Recuerdo un claustro desgastado, un claustro casi vencido por el paso del tiempo, un claustro silvestre donde los niños de la parroquia nos refugiábamos a escondidas cuando la Catedral se vaciaba de curas y de salmos y no quedaba otra autoridad que la del sacristán, aquel centinela que miraba para otro lado cuando nos colábamos en el jardín para jugar al escondite entre su historia a cambio de que le echáramos una mano a la hora de preparar las misas.
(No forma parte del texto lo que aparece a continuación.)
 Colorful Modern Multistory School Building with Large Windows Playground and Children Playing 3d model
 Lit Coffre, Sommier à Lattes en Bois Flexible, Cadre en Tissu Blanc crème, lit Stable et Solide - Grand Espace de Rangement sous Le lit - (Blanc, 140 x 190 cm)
En el claustro se respiraba la historia del templo, que revoloteaba entre las ramas de los árboles como una bandada de pájaros, que corría silenciosa como el agua de la fuente de piedra que te cautivaba con su sonido amable y lejano.
Se sabe que el claustro se utilizaba como huerto en el siglo dieciséis y que posteriormente, aprovechando el frondoso arbolado del recinto, se transformó en jardín para retiro de los sacerdotes del templo en sus ratos de ocio y meditación. En el siglo diecinueve, el claustro de La Catedral estaba abierto a los fieles durante todo el día y en los meses de verano se utilizaba como un espacio de espera, donde la gente aguardaba el comienzo de la misa bajo las sombras de sus árboles y el frescor de su fuente de agua. En esos meses de calor era habitual, durante la celebración de los actos litúrgicos en el altar mayor, abrir la puerta del templo y la del claustro para propiciar que corriera el aire y refrigerara la sala.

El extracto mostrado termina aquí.